Last time we built a classifier that reliably identified known ingredients and linked to their nutritional values in the Food Data Central database (https://fdc.nal.usda.gov/). This time we’re going to try and aggregate those values over all the ingredients in a recipe.
Aggregating nutrient values
The FDC database provides nutrient values per 100g of each ingredient. It is meaningless to add up those values directly unless we believe every recipe contains 100g of each ingredient, which sounds rather unlikely. First, we need to scale those values according to how much of the ingredient is required in the recipe. To be able to do that we need to:
- Extract the amounts from the ingredient strings (e.g.
1 tbsp
) - Convert the amounts to a mass in grams
When we have the mass of the ingredient in grams we simply multiply the nutrient values by ing_mass / 100
. For example, avocado contains 14.66g Fat / 100g. If our recipe calls for 50g of avocado then we calculate that the avocado contributes 14.66 * 50 / 100
= 7.33
grams of fat to the recipe. Once we have calculated the individual contribution of each ingredient to a given nutrient we can add them all up to find the total amount of that nutrient contained in the meal as a whole.
Extracting amounts
We have extracted amounts from ingredient quantity strings in a previous article but there is a bit more to do here to make sure we pick the right amount(s) in cases where more than one is present.
To extract the raw amounts we’ll use the rule class we devised previously:
class rule:
def __init__(self, pattern, substitution):
self.p = rule._translate_type_captures(rule._translate_type_matches(pattern))

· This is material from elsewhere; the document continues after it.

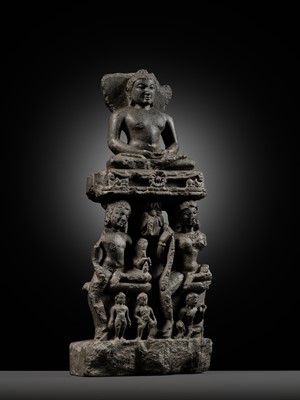 Lot 334 - A BLACK STONE STELE DEPICTING AN ENTHRONED MAHAVIRA ATTENDED BY A YAKSHA AND YAKSHI, PALA PERIOD, 11TH-12TH CENTURY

self.s = rule._translate_type_substitutions(substitution)
def sub(self, s):
return re.sub(self.p, self.s, s)
def _translate_type_captures(s):
pat = r'\{\(\?\<(?P<type_and_index>[a-z_]+[0-9]*)\>(?P<content>.*?)\)\}'
rep = r' ?(?<![^\> ])(?P<T_\g<type_and_index>>\g<content>)(?![^\< ]) ?'
return re.sub(pat, rep, s)
def _translate_type_matches(s):
pat = r'\<\<!(?P<type_and_index>(?P<type>[a-z_]+)[0-9]*)\>\>'
rep = r'(?! ?\<\g<type>\>)'
s2 = re.sub(pat, rep, s)
pat = r'\<\<(?P<type_and_index>(?P<type>[a-z_]+)[0-9]*)\>\>'
rep = r' ?\<\g<type>\>(?P<T_\g<type_and_index>>(?:(?!\<\/\g<type>\>).)*)\<\/\g<type>\> ?'
return re.sub(pat, rep, s2)
def _translate_type_substitutions(s):
pat = r'\<\<(?P<type_and_index>(?P<type>[a-z_]+)[0-9]*)\>\>'
rep = r' <\g<type>>\\g<T_\g<type_and_index>></\g<type>> '
return re.sub(pat, rep, s)
For this application we can simply apply our rules sequentially to classify the amounts in a string:
def classify_amounts(s):
for r in amount_rules:
s = r.sub(s)
return s
Then we can use extract_typed
to grab the bits we’re interested in. We’ll simplify it to just accept one type and to match anything up to the corresponding closing tag:
def extract_typed(s, t):
return re.findall(r'\<' + t + r'\>((?:(?!\</' + t + '\>).)*)\</' + t + r'\>', s)
Now let’s think about the rules themselves. Previously we would match something like tbsp
or tbs
and mark it as type unit
. We’ll need to know that these are both tablespoons to be able to translate the quantities into grams. Therefore let’s be more specific and use a rule like this:
rule(r'{(?<tbsp>[tT]bsps?|T|tbl|tbs|[tT]ablespoons?)}', ' <unit><<tbsp>></unit> '),
This results in a double classification so that, for example, tbl
would be replaced with <unit><tbsp>tbl</tbsp></unit>
. We still want to classify as a unit
so we can match it as part of an amount but the extra tbsp
classification enables us to map to an appropriate scaling factor without having to consider all the possible representations of a tablespoon unit.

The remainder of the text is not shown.